───── Supplied material

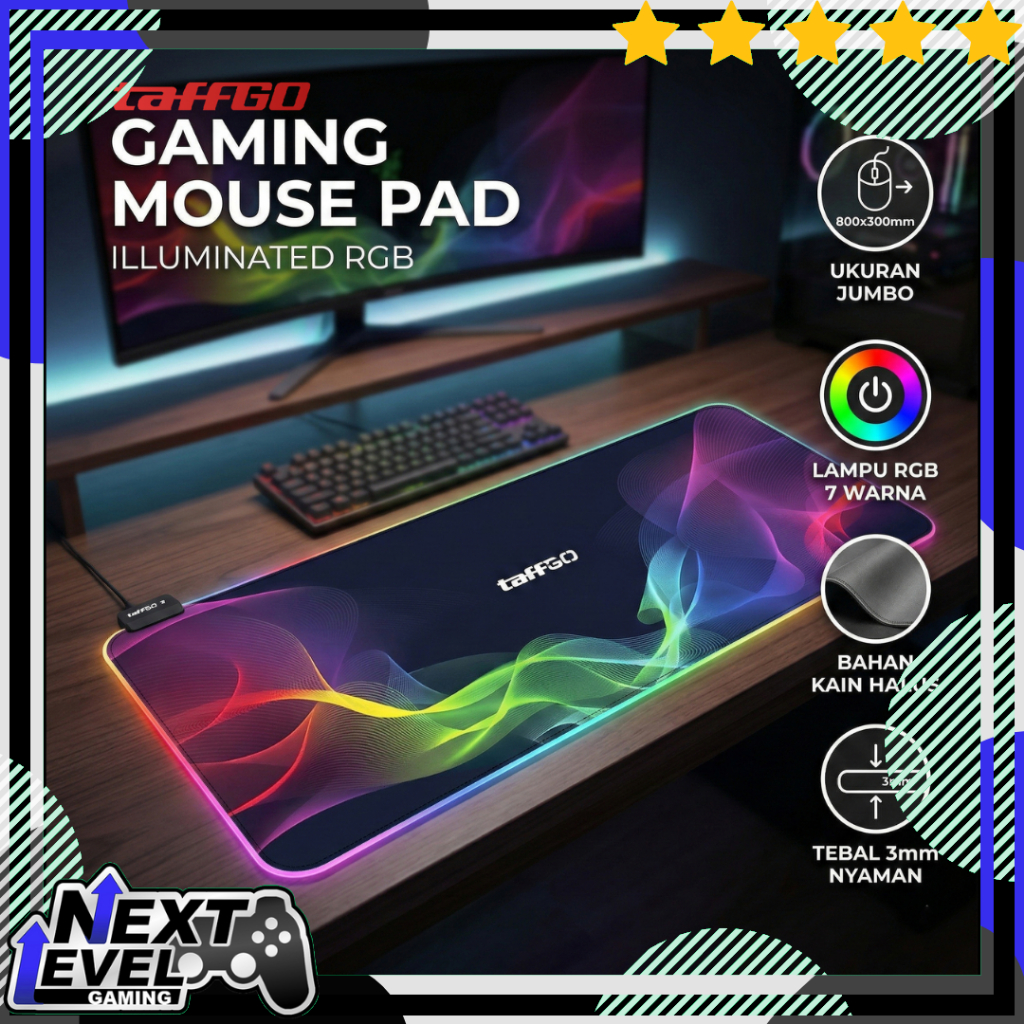 Mouse Pad Gaming TAFFGO XL Desk Mat Illuminated RGB 800x300mm – TaffGO GMS-GB-5 [MPD]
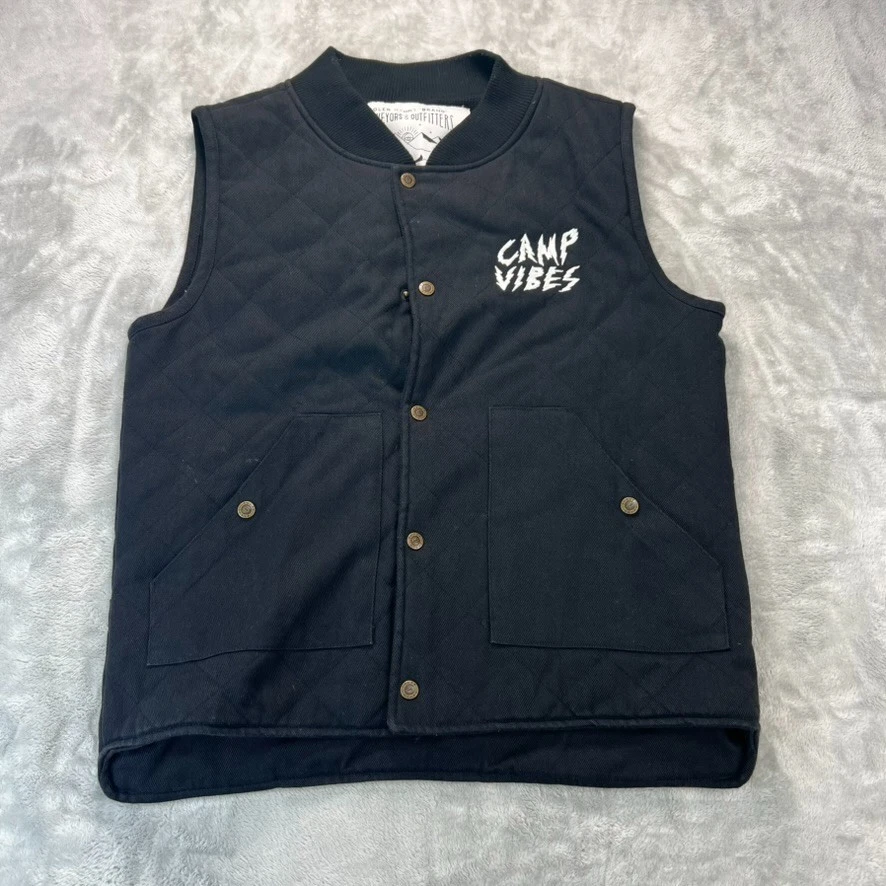 Poler Dusty Vest Camp Vibes Mens Small (Fits M/)L Black Diamond Quilted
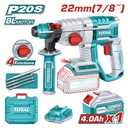 TALADRO ROTOMARTILLO 7/8"  20V SDS PLUS 2.0 JULES INCLUYE 1 BATERIA,1 CARGADOR Y 4 ACCESORIOS INDUSTRIAL  SUPER TOTAL (UTRHLI202081)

──────────

▶ [How to complete this task]: Repeat every line above exactly, minus the pictures.

▶ [Finished task]:
 Mouse Pad Gaming TAFFGO XL Desk Mat Illuminated RGB 800x300mm – TaffGO GMS-GB-5 [MPD]
 Poler Dusty Vest Camp Vibes Mens Small (Fits M/)L Black Diamond Quilted
 TALADRO ROTOMARTILLO 7/8"  20V SDS PLUS 2.0 JULES INCLUYE 1 BATERIA,1 CARGADOR Y 4 ACCESORIOS INDUSTRIAL  SUPER TOTAL (UTRHLI202081)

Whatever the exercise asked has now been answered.